══ DATA FOR REVIEW ══

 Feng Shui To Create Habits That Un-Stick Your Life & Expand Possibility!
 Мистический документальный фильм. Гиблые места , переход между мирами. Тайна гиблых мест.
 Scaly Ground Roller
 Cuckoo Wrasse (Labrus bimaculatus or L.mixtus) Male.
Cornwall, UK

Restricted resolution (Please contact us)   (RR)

═══
══ DATA FOR REVIEW ══

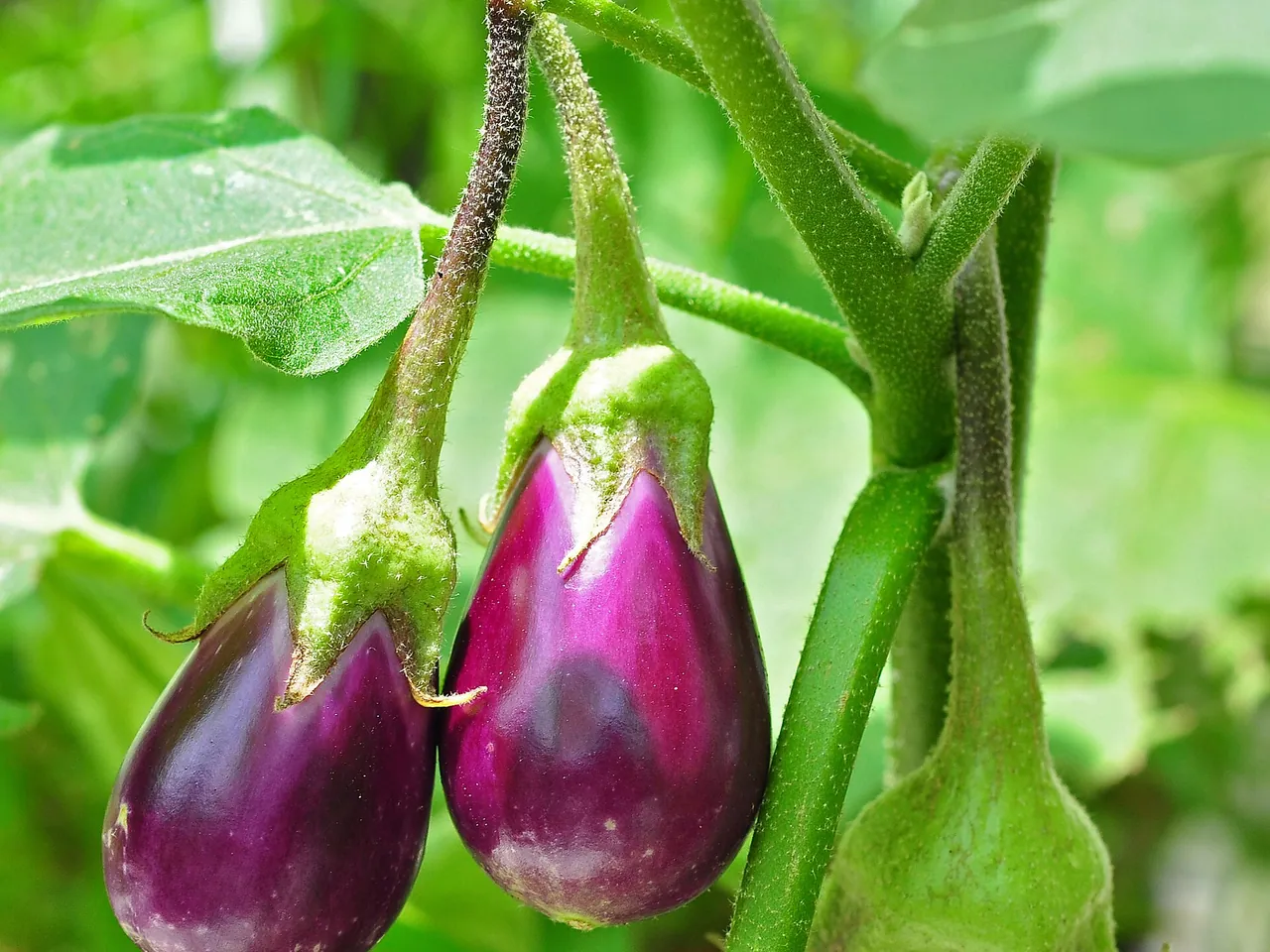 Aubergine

═══
══ DATA FOR REVIEW ══

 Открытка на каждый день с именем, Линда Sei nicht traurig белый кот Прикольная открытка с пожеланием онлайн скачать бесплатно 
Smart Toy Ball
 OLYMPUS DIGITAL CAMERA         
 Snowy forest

═══

ABOUT THIS TASK
Using the data above, repeat exactly the lines that begin at the line with "Cuckoo Wrasse (Labrus" and end at the line with "Restricted resolution (Please", both ends included.

SOLUTION
 Cuckoo Wrasse (Labrus bimaculatus or L.mixtus) Male.
Cornwall, UK

Restricted resolution (Please contact us)   (RR)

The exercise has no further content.